UCSF-Costello-Lab / LG3_Pipeline

The original LG3 pipeline
https://github.com/UCSF-Costello-Lab/LG3_Pipeline
0 stars 0 forks source link

TODO: integrate exomeQualityPlots scripts into LG3 pipeline #88

Open ivan108 opened 6 years ago

ivan108 commented 6 years ago

Stephanie created a pipeline to generate quality plots on top of the results of LG3 pipeline, see exomeQualityPlots.

According to current procedure, I ran this pipeline after LG3 is done. I think it makes sense to include exomeQualityPlots scripts into LG3 pipeline.

HenrikBengtsson commented 6 years ago

Awesome. What steps in the LG3 Pipeline needs to be completed before exomeQualityPlots can be run?

/cc @SRHilz

HenrikBengtsson commented 6 years ago

I see that you literally included code from exomeQualityPlots - I would strongly advise against this approach.

This will effectively create a fork of exomeQualityPlots, which cause maintanence hell. Any minor bug fix that is done in the exomeQualityPlots repos has to be copied over this repos. Likewise, if we find a bug and fix it here, @SRHilz will have to make sure our fixes will be included in the exomeQualityPlots repos too. Such an approach is error prone and introduces lots of extra work.

The two alternatives I see are:

  1. @SRHilz discontinues the exomeQualityPlots repos and does all future work of that functionality toward this repos.
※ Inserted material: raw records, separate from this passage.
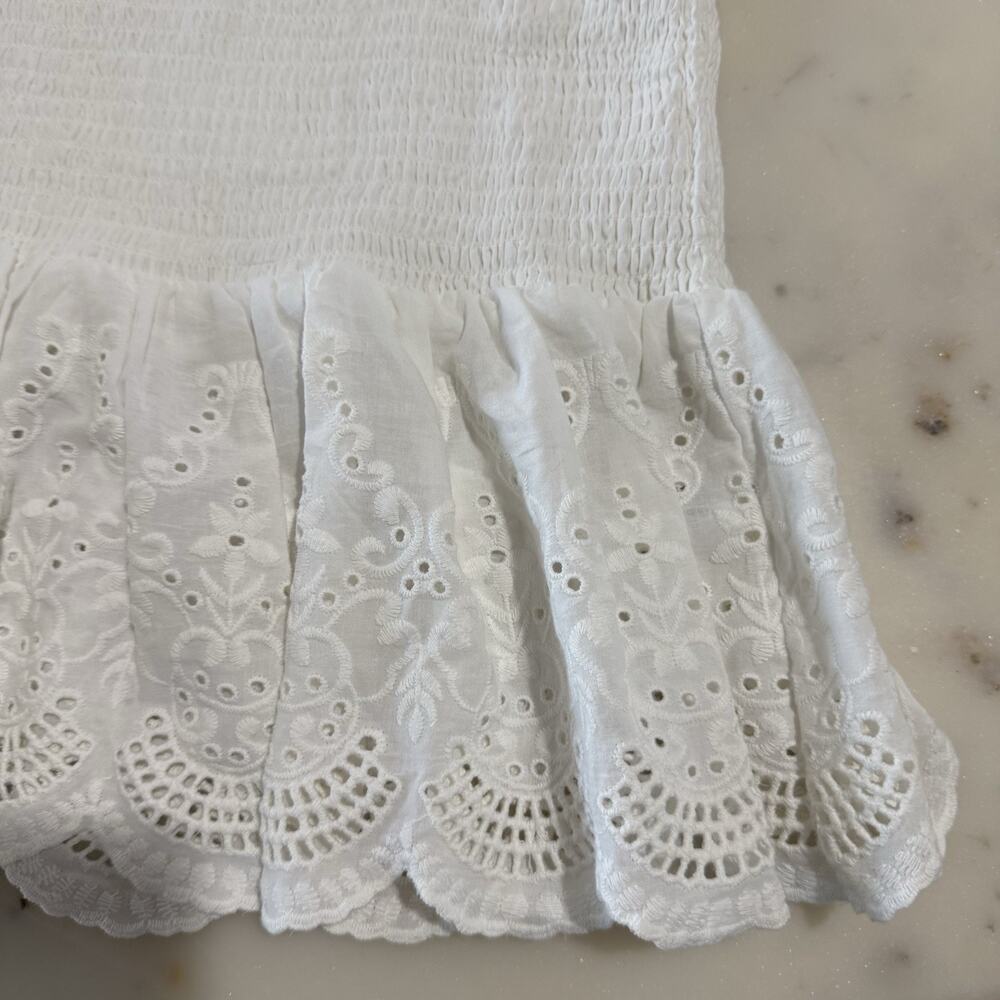 White Eyelet Smocked Ruffle-Strap - Picture 10 of 10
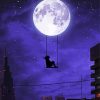 City Moon Girl Silhouette Diamond Painting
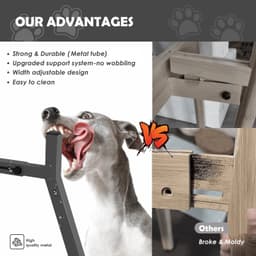 image-Metal Adjustable Width Raised Dog Bowl Stand for Extra Large Dogs ,Dog food bowl,Elevated Dog Bowls Holder(Bowl Not Included)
Such a move requires some serious merging of the two git repositories in order preserve the commit history etc. It's doable, but it's something that requires some serious thinking and planing. I would not recommend doing this right now.

  2. Instead, I would suggest that the LG3 Pipeline will "load" exomeQualityPlots, e.g. by helping @SRHilz provide installation instructions and have the LG3 Pipeline find it via, say, env variable EXOME_QUALITY_PLOTS_HOME (which could have some smart default location). On TIPCC, this can all be encapsulated via an env module, e.g. module load exomeQualityPlots that module load lg3 could load by default.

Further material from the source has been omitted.